Output exactly the lines from the line that has "2014 Jeep Wrangler" through the last line of the data below, with no pictures.

************

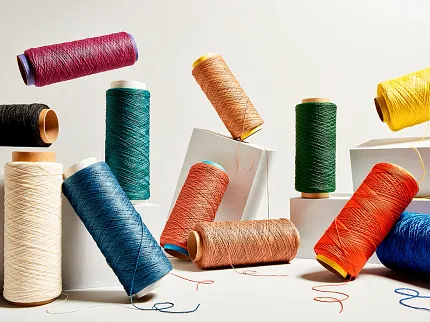 Colorful Yarn Spools for Flooring Design Inspiration Spools of colorful yarn in various shades including red, blue, green, yellow, orange, and black arranged on a white background
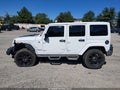 2014 Jeep Wrangler Unlimited — photo 14 of 21 | VIN 1C4HJWEG9EL320299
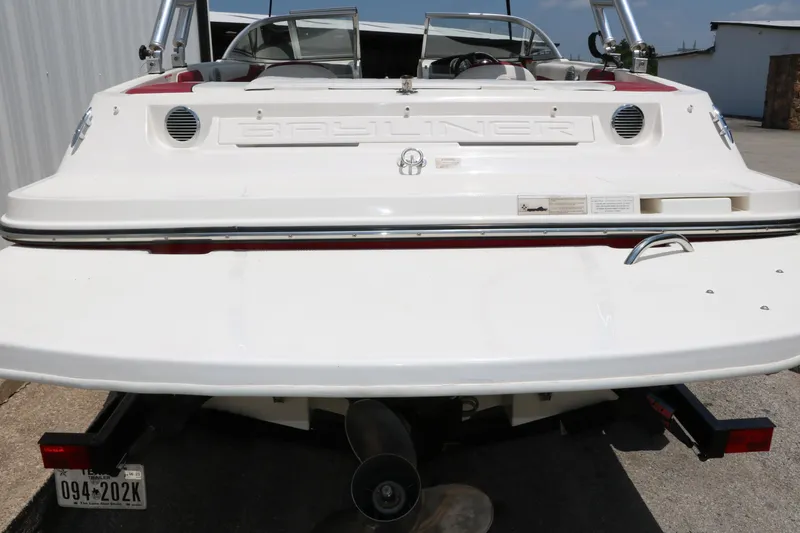 Slide: The Image of 2014 Bayliner 185 BR boat rear view, showcasing sleek design and dual seating. - 5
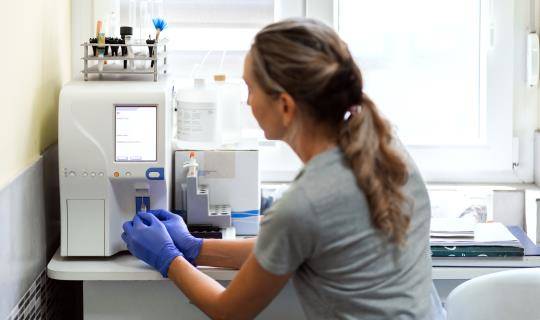 Veterinary tech works with lab equipment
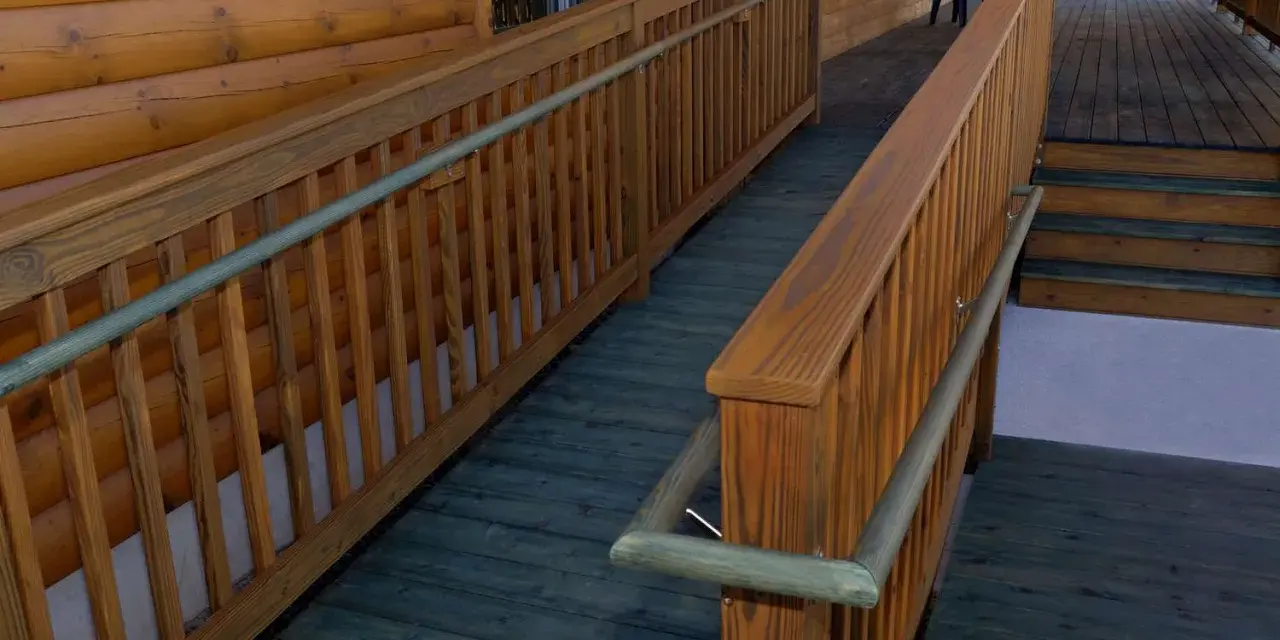 A wooden wheelchair ramp with railings curves around a log cabin. This shows how to build a wheelchair ramp for accessibility.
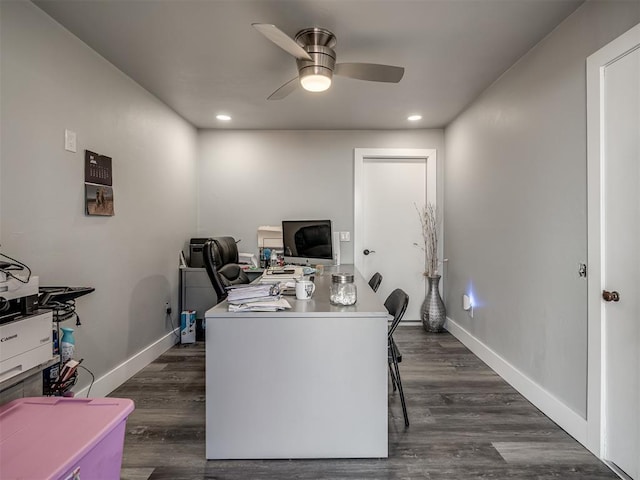 home office with ceiling fan and dark hardwood / wood-style flooring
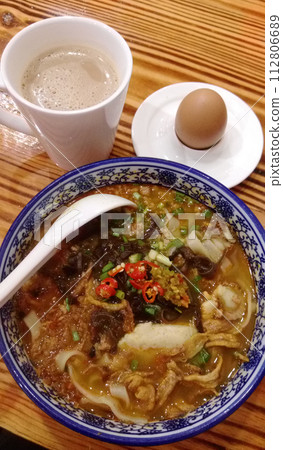 A classic meal of tea, eggs and a bowl of noodles A classic meal of tea, eggs and a bowl of noodles 112806689
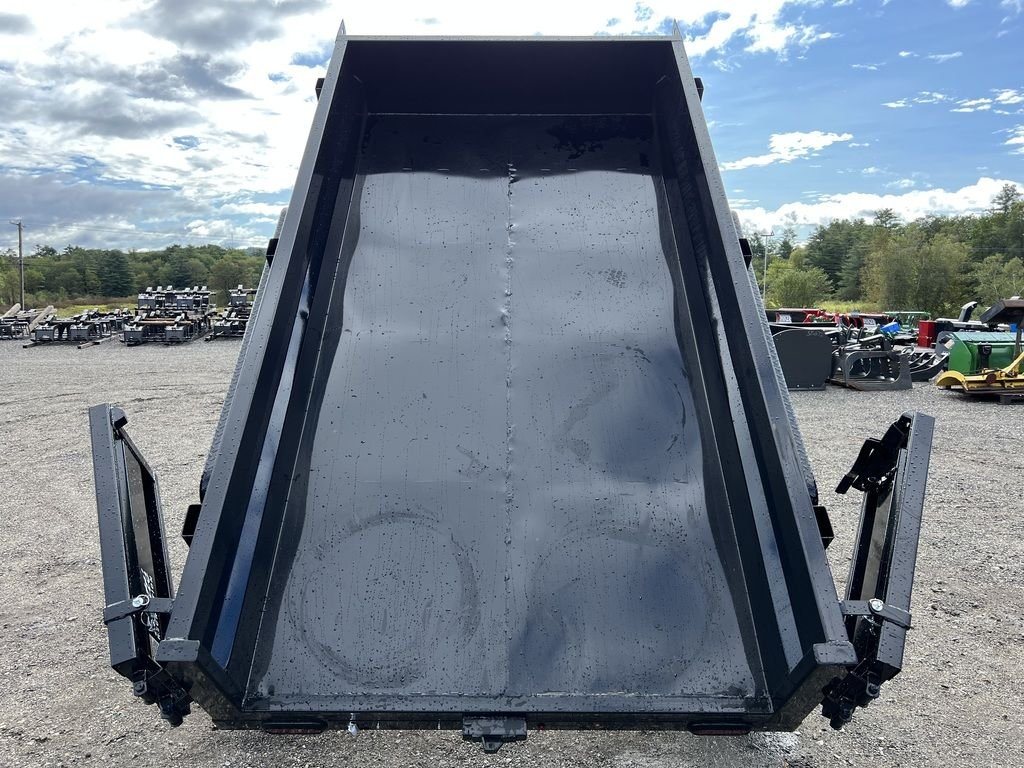 2024 Griffin Trailers 10 ft Dump – Barn Door Gate – View looking into the empty bed of the raised black dump trailer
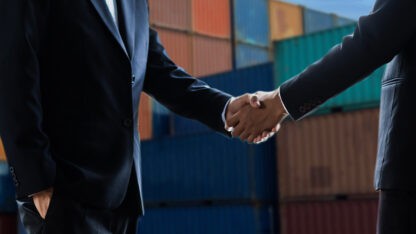 image of men shaking hands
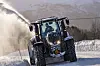 Snørydding med Valtra og snøfreser på en vei i Oppdal.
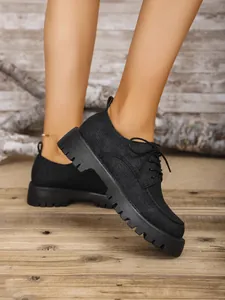 Detaillierte Seitenansicht der schwarzen Canvas-Plateau-Oxfords mit klobiger Sohle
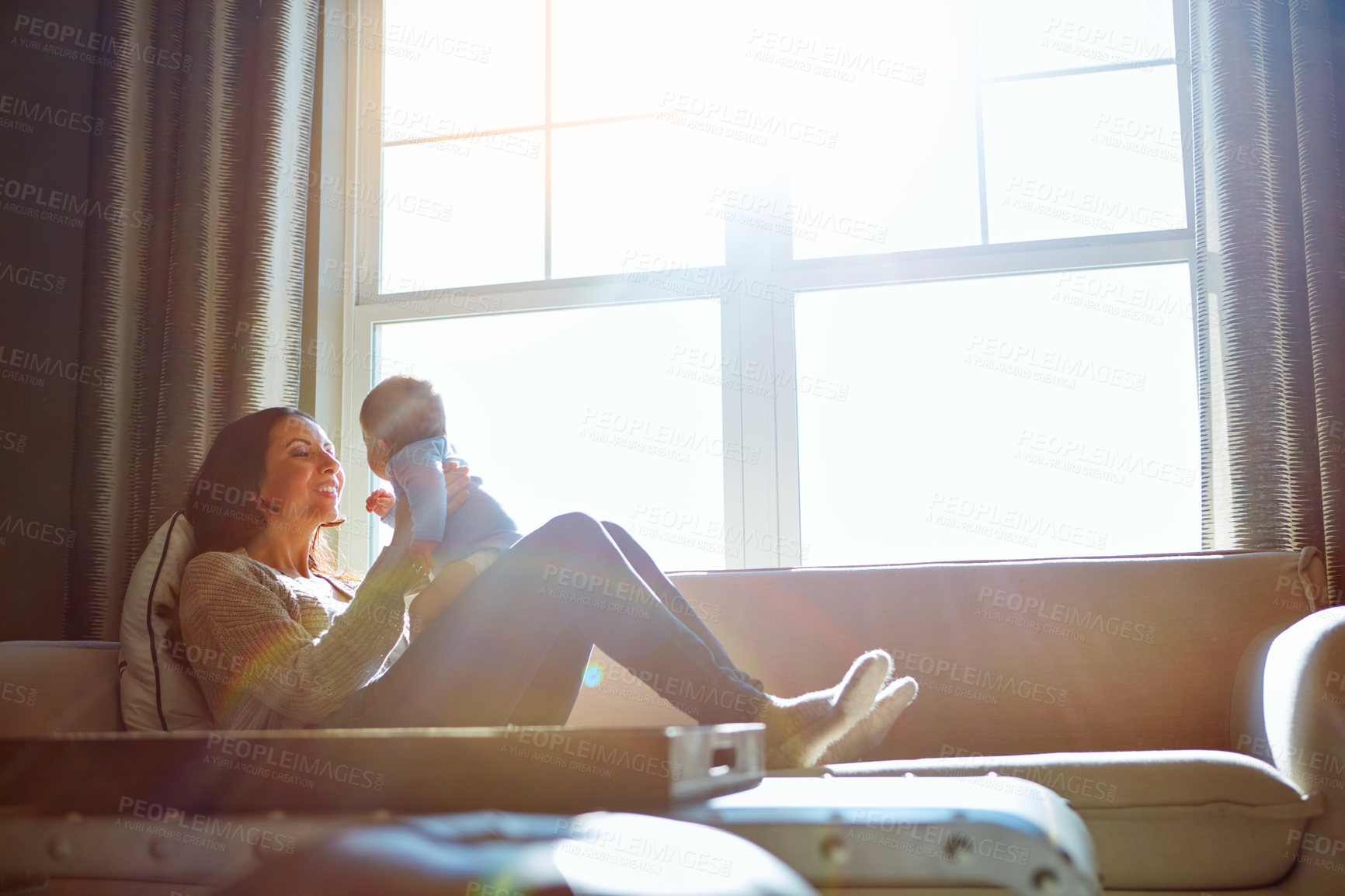 Buy stock photo Shot of a young woman bonding with her baby boy on the sofa at home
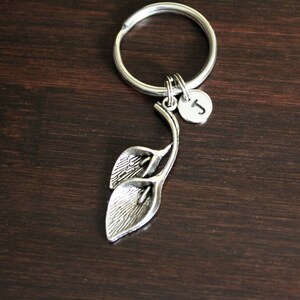 May include: Silver key chain with a charm of two stylized calla lilies and a small round charm with the letter J.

************

[Solution to the exercise]
 2014 Jeep Wrangler Unlimited — photo 14 of 21 | VIN 1C4HJWEG9EL320299
 Slide: The Image of 2014 Bayliner 185 BR boat rear view, showcasing sleek design and dual seating. - 5
 Veterinary tech works with lab equipment
 A wooden wheelchair ramp with railings curves around a log cabin. This shows how to build a wheelchair ramp for accessibility.
 home office with ceiling fan and dark hardwood / wood-style flooring
 A classic meal of tea, eggs and a bowl of noodles A classic meal of tea, eggs and a bowl of noodles 112806689
 2024 Griffin Trailers 10 ft Dump – Barn Door Gate – View looking into the empty bed of the raised black dump trailer
 image of men shaking hands
 Snørydding med Valtra og snøfreser på en vei i Oppdal.
 Detaillierte Seitenansicht der schwarzen Canvas-Plateau-Oxfords mit klobiger Sohle
 Buy stock photo Shot of a young woman bonding with her baby boy on the sofa at home
 May include: Silver key chain with a charm of two stylized calla lilies and a small round charm with the letter J.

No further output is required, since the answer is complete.